**DIRECTIONS FOR THIS TASK**:
Restate word for word the entries below, starting at the line with "Ensemble de table basse et causeuse Bari" and ending at the line with "Stornfield | Modern Silent Wall Clock". Keep both end lines and omit the pictures.

**DATA FOR THIS TASK**:

__________________________________________________

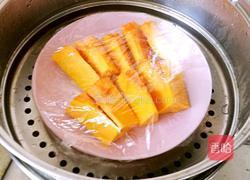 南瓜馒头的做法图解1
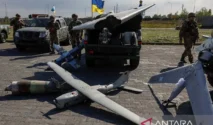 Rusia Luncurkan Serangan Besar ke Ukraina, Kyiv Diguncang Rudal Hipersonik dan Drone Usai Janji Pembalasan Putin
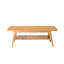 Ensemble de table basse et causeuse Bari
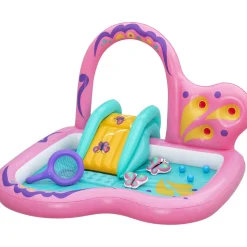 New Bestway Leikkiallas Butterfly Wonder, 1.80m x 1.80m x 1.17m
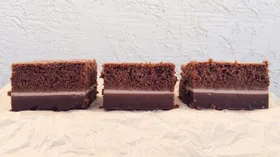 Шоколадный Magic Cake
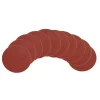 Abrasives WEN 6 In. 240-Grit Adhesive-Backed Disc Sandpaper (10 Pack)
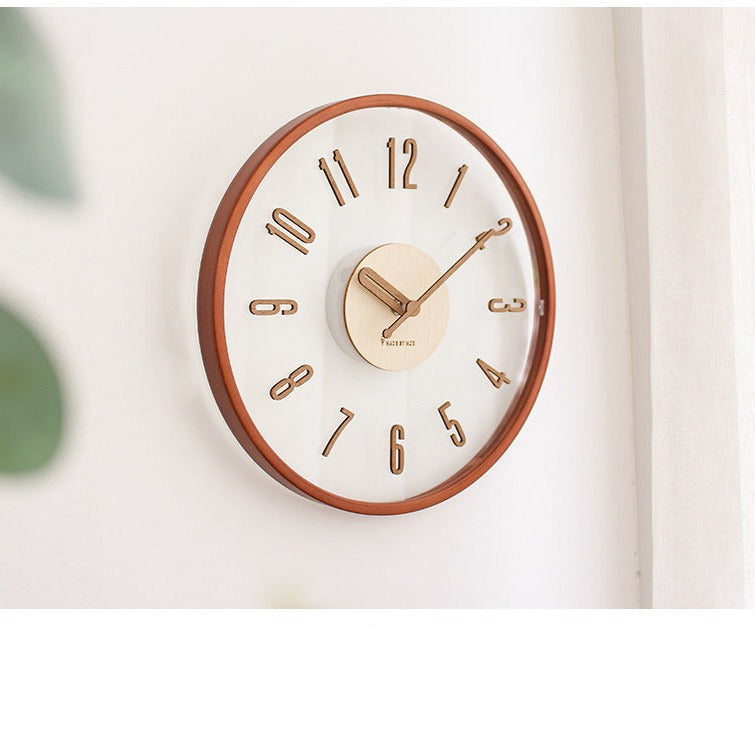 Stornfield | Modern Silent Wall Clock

__________________________________________________

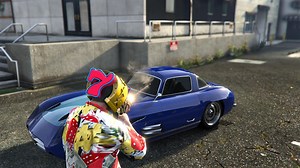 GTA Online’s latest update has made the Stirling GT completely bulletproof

__________________________________________________

**ANSWER FOR THIS EXERCISE**:
 Ensemble de table basse et causeuse Bari
 New Bestway Leikkiallas Butterfly Wonder, 1.80m x 1.80m x 1.17m
 Шоколадный Magic Cake
 Abrasives WEN 6 In. 240-Grit Adhesive-Backed Disc Sandpaper (10 Pack)
 Stornfield | Modern Silent Wall Clock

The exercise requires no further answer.